Tuesday 22 December 2015

Engineers for Privacy Professionals

As many discussions on this blog have pointed out, there is a mismatch between engineering and legal when it comes to privacy; one can even argue there's a mismatch between these two groups and privacy advocates too, but that's another story...

It is critical for anyone involved in privacy to understand that without the complete trust and involvement of the engineers who build the systems that are supposed to be compliant with whatever privacy policy exists, that compliance will be at best, fragile.

At the IAPP's DPIntensive meeting earlier this year I gave a presentation on the subject, here's the link to the slides.


The main learning is that unless engineering is an equal part in your privacy discussions then you're really just playing at compliance.

Privacy isn't just about privacy policies or long winded legal documents but about education, learning and understanding that everyone depends upon everyone else in order for your business to successfully (and legally!) function.

I wrote about how privacy should be taught earlier with the quote:

It often surprises me that many of the people advocating privacy don't actually understand the things that they're trying to keep private, specifically information. Indeed the terms data and information are used interchangeably and there is often little understanding of the actual nature and semantics of said, data and information.

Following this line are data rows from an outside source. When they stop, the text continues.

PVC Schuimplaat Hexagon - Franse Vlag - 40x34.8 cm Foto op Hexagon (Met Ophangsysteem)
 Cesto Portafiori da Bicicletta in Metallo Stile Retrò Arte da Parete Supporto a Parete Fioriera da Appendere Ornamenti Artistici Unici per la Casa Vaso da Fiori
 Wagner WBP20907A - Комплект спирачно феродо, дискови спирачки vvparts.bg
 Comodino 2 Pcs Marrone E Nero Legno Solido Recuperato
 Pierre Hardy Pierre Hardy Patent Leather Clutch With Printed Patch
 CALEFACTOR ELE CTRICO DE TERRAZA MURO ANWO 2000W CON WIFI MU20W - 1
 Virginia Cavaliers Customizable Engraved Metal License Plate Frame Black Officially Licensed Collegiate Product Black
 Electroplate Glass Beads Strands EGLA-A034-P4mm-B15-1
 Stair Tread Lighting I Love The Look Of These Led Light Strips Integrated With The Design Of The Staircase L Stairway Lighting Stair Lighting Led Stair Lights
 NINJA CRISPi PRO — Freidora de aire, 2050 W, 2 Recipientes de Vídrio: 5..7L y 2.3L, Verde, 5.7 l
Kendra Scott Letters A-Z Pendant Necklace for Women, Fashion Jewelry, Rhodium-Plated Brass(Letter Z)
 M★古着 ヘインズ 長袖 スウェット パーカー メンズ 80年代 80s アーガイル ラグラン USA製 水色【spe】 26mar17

This is also seen in how we train our staff in privacy aspects - with the dreaded "privacy awareness training":

One thing that came up was the need for training and that privacy awareness training hasn't had the effect hoped for. Given that awareness training is exactly that, is it no surprise that once the, usually, one hour presentation on how we should all care about privacy is made nothing happens?
 
Actually, everyone is acutely aware of privacy in the first place and privacy awareness training rapidly becomes an exercise in CYA - as security expert Bruce Schneier might have put it - and have no effect whatsoever on the overall quality of development, customer privacy and company culture.

I guess we're still pretty naive about privacy and unless we have a cultural change this naivety will come back to haunt us for a very, very long time with some awful business repercussions.